Never try to adjust dentures yourself. Always leave this to a dentist or oral surgeon. Dentures are easy to break if you don’t know what you’re doing.

Alternatives to Poorly Fitting Dentures

When it comes to tooth replacement, there are numerous alternatives to dentures that fit poorly. You could get dental implants, even a full mouth reconstruction, — the most ideal alternative to natural teeth. This can get expensive, but the convenience and resemblance to your original teeth is well worth it.

If you are considering dental implants, you might want to think about zirconia dental implants — a holistic option for tooth replacement. Zirconia dental implants contain fewer metals and are more natural for your mouth. They are the latest advancement in dental implant surgery and are perfect if you are allergic to metal or are looking for a more natural option.

If you need to replace multiple teeth near each other, we might consider a dental implant bridge. This is a bridge replacing multiple teeth that is attached to your jaw by two dental implants on either side.

You can also opt for permanent dentures attached with dental implants. This is a great option if you need to replace multiple teeth that are next to each other. This option does require surgery to attach the dental implants. These are a row of prosthetic teeth held in place to your jaw by dental implants. Permanent dentures are just like your regular teeth — and there’s no need to fear your dentures falling out. Permanent dentures aren’t like full mouth reconstruction — only part of the dentures are implants; the remainder is a bridge similar to your existing dentures. And because permanent dentures are affixed to your jawbone, there is less chance they will fit poorly.

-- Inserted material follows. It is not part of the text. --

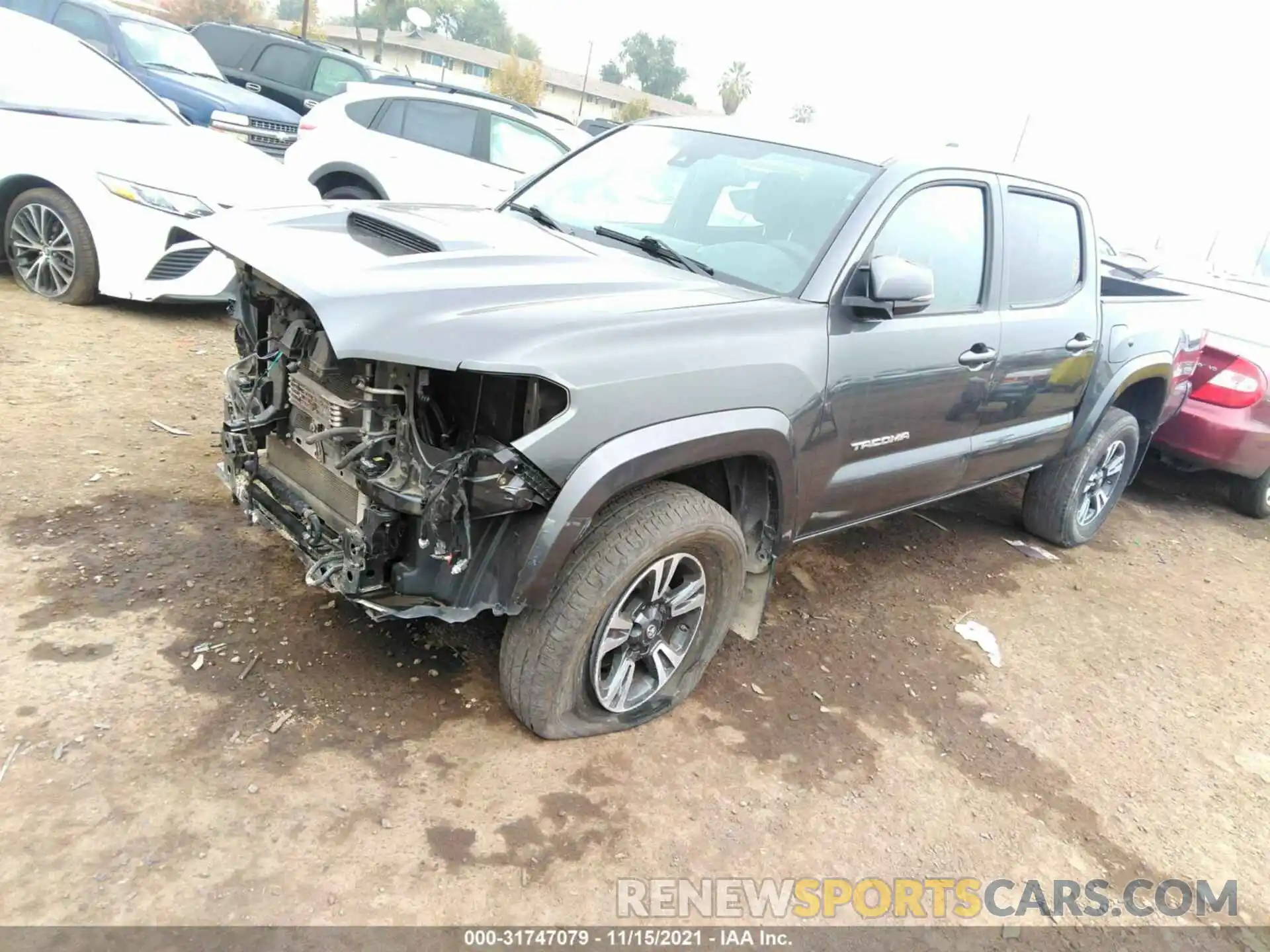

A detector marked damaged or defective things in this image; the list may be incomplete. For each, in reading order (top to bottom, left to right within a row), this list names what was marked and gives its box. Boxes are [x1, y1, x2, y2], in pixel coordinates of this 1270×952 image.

crumpled front end [218, 271, 566, 621]
damaged toyota tacoma [184, 117, 1206, 735]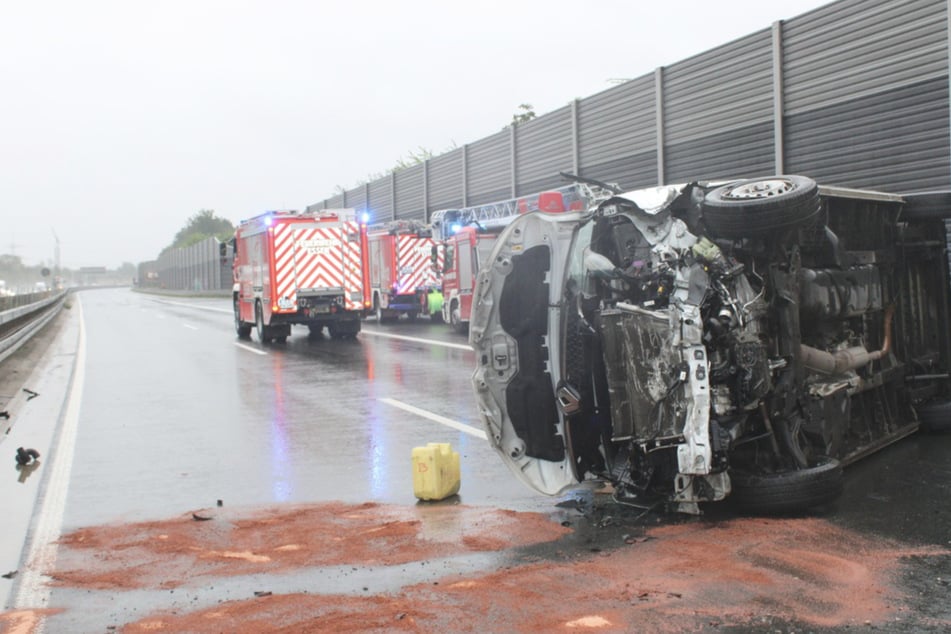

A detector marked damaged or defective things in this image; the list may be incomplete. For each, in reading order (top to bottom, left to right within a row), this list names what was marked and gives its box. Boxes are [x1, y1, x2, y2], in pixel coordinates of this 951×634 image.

As we mentioned earlier, if you’ve already had dentures, there’s a good chance your jaw may not be healthy enough to take dental implants properly. Sometimes, your oral surgeon can correct this with dental bone grafting and soft tissue grafting, which is great! But if not, they can still make a comprehensive care plan for your dentures that will keep your jaw as healthy as possible. It’s difficult to know what the possibilities are with all the options available now in the field of oral surgery and holistic tooth replacement. At the end of the day, the answer to every question is: go talk to your oral surgeon – they’ll know exactly what to do.